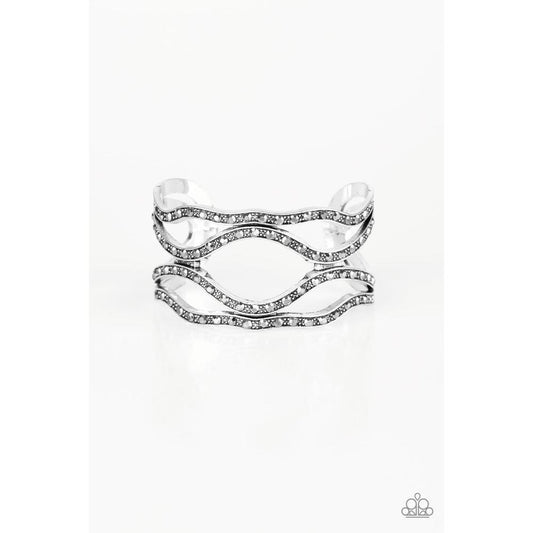 Speaks Volumes Silver Bracelet - Paparazzi - Dare2bdazzlin N Jewelry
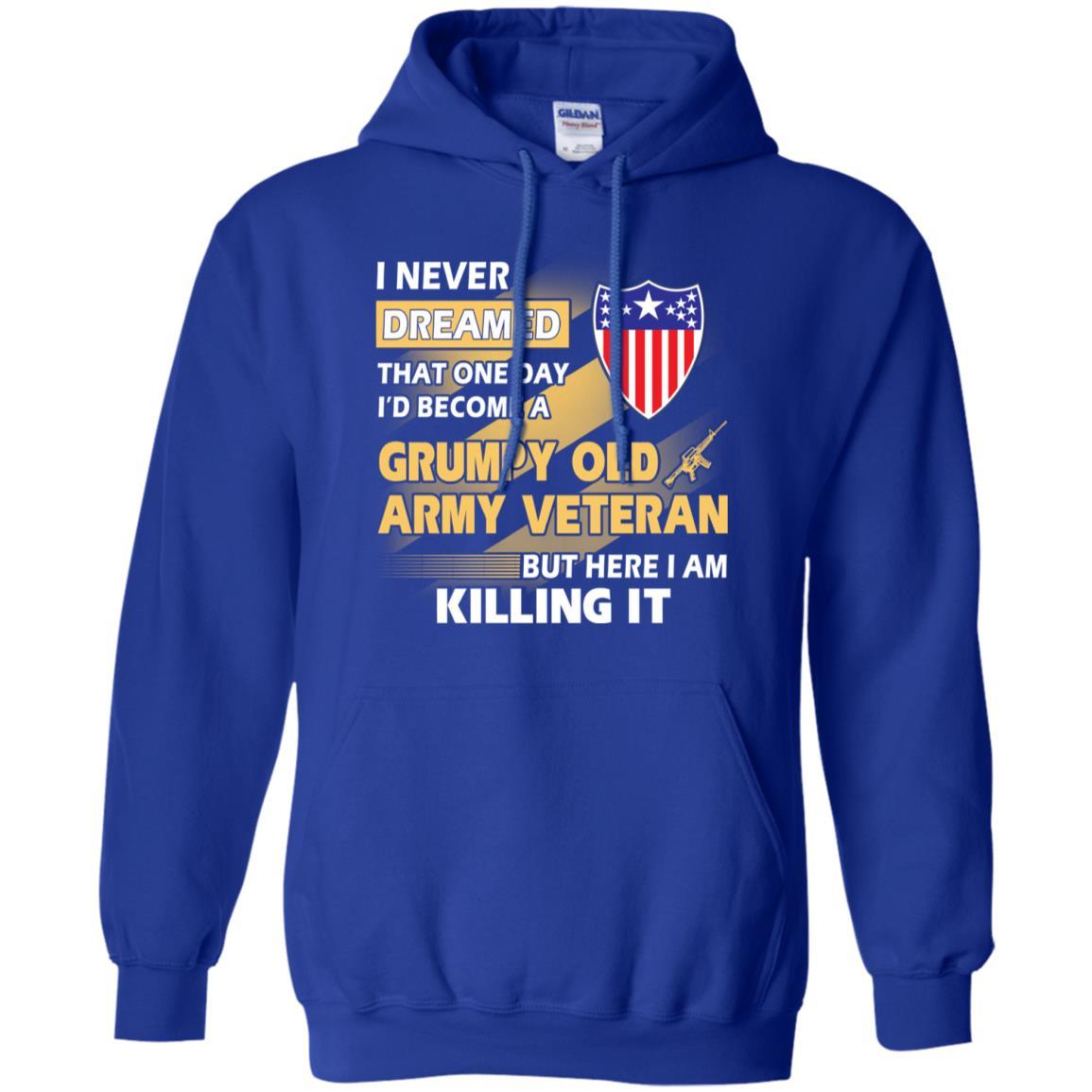 US Army T-Shirt "Adjutant General Grumpy Old Veteran" On Front-TShirt-Army-Veterans Nation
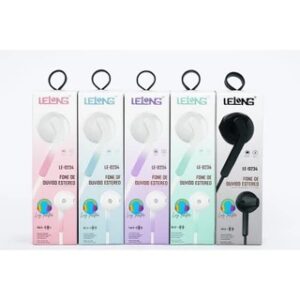 fone de ouvido com fio Lelong LE-0234. 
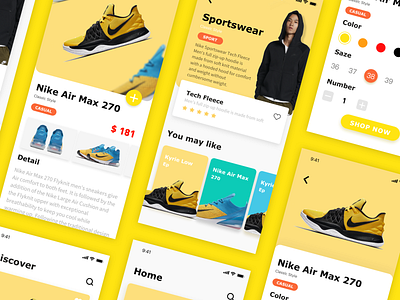 Sport shoes application interface-7 app design shoes ui ux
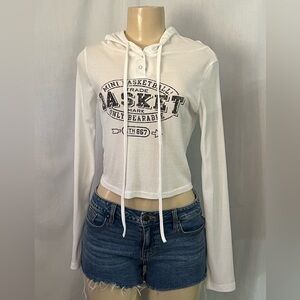 White Hooded Women's Top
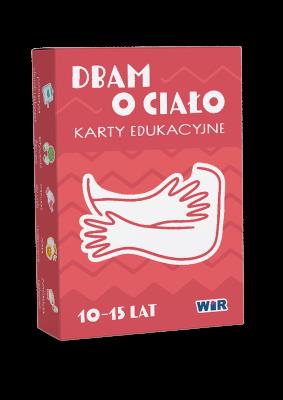 Okładka książki Dbam o Ciało karty edukacyjne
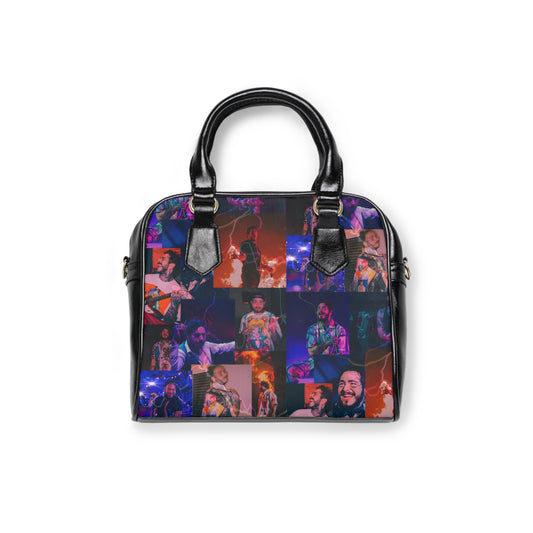 Post Malone Lightning Photo Collage Shoulder Handbag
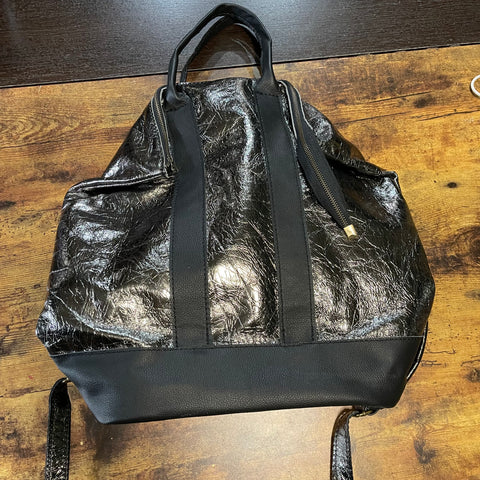The Summit - Premium Chanel-Grade Metallic Leather Backpack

____________________

**What is needed**
Please set the records down again exactly as written. The pictures should not be included.

**Task response**
 Speaks Volumes Silver Bracelet - Paparazzi - Dare2bdazzlin N Jewelry
 US Army T-Shirt "Adjutant General Grumpy Old Veteran" On Front-TShirt-Army-Veterans Nation
 fone de ouvido com fio Lelong LE-0234. 
 Sport shoes application interface-7 app design shoes ui ux
 White Hooded Women's Top
 Okładka książki Dbam o Ciało karty edukacyjne
 Post Malone Lightning Photo Collage Shoulder Handbag
The Summit - Premium Chanel-Grade Metallic Leather Backpack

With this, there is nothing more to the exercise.